President Joe Biden has firmly pledged to bring all Americans home from Afghanistan as well as all Afghans who aided the war effort, as officials confirmed that US military helicopters flew beyond the Kabul airport to scoop up 169 Americans seeking to evacuate.
Biden’s promises came as thousands more Americans and others seeking to escape the Taliban struggled to get past crushing crowds, Taliban airport checkpoints, and sometimes insurmountable US bureaucracy.
“We will get you home,” Biden promised Americans who were still in Afghanistan days after the Taliban retook control of Kabul, ending a two-decade war.
We are deeply grateful for the generosity of our international allies and partners, including those who are working shoulder-to-shoulder with us on the ground in Kabul, to support what is already one of the largest airlifts in history.— The White House (@WhiteHouse) August 20, 2021
His commitment to finding a way out for Afghan allies vulnerable to Taliban attacks amounted to a potentially vast expansion of Washington’s promises, given the tens of thousands of translators and other helpers, and their close family members, seeking evacuation.
“We’re making the same commitment” to Afghan wartime helpers as to US citizens, Biden said, offering the prospect of assistance to Afghans who largely have been fighting individual battles to get the documents and passage into the airport that they need to leave. He called the Afghan allies “equally important” in the evacuations.
Helicopters to rescue 169 Americans
The US military in Afghanistan deployed three helicopters to rescue 169 Americans unable to reach the Kabul airport gates to leave the country, an official said.
In the first evidence that US forces are willing and able to go beyond the US-secured airport to help people seeking evacuation, three Chinook helicopters flew to pick up the group of US citizens at the Baron hotel, not far from the airport, according to Pentagon spokesman John Kirby.
The group had planned to walk to the Abbey Gate of the airport, but a crowd was gathered there and US officials were concerned for the Americans' safety.
"There was a large crowd established outside the Abbey Gate, a crowd, that, not everybody had confidence in, in terms of their ability to walk through it, and so local commanders on the scene took the initiative and flew these helicopters out there to pick them up," Kirby said.
Earlier, President Biden mentioned the rescue in a speech, but gave few details.
Pentagon spokesman says 3 CH-47s picked up 169 Americans on Thursday from Baron Hotel near Kabul airport. They were unable to get to the airport.

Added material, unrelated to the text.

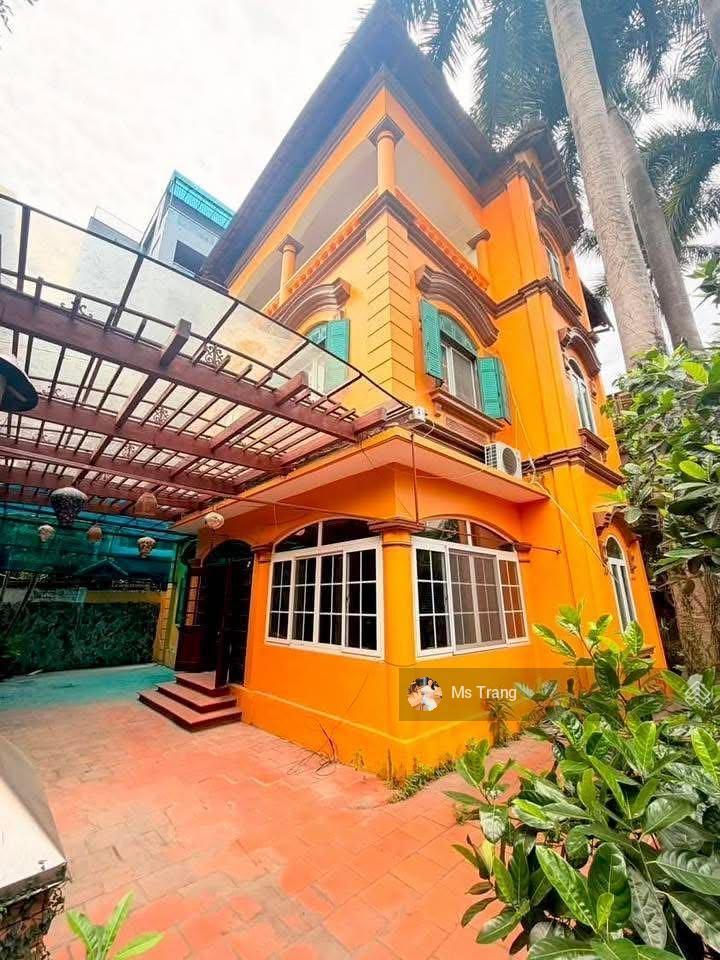 Biệt thự sân vườn tây hồ 230m², mt 16m, ô tô vào nhà, sát phố, view công viên, chỉ 98 tỷ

The 169 Americans Biden was referring to in his speech earlier. pic.twitter.com/B4sZfZJyKf— Dave Talltree, son of Wymo of Mokuleia (@unsc1325) August 20, 2021
Twelve nations to host Afghan evacuees
Secretary of State Antony Blinken said 13 countries have thus far agreed to at least temporarily host at-risk Afghans evacuated from Afghanistan and a dozen more have agreed to serve as transit points for evacuees, including Americans and others.
Blinken said that potential Afghan refugees not already cleared for resettlement in the United States will be housed at facilities in Albania, Canada, Colombia, Costa Rica, Chile, Kosovo, North Macedonia, Mexico, Poland, Qatar, Rwanda, Ukraine, and Uganda.
Transit countries include Bahrain, Britain, Denmark, Germany, Italy, Kazakhstan, Kuwait, Qatar, Tajikistan, Turkey, the United Arab Emirates, and Uzbekistan.
“We are encouraged by other countries that are also considering providing support. We have no higher priority than the safety and security of US citizens overseas and to fulfill our commitments to citizens of partner nations and at-risk Afghans,” said Blinken.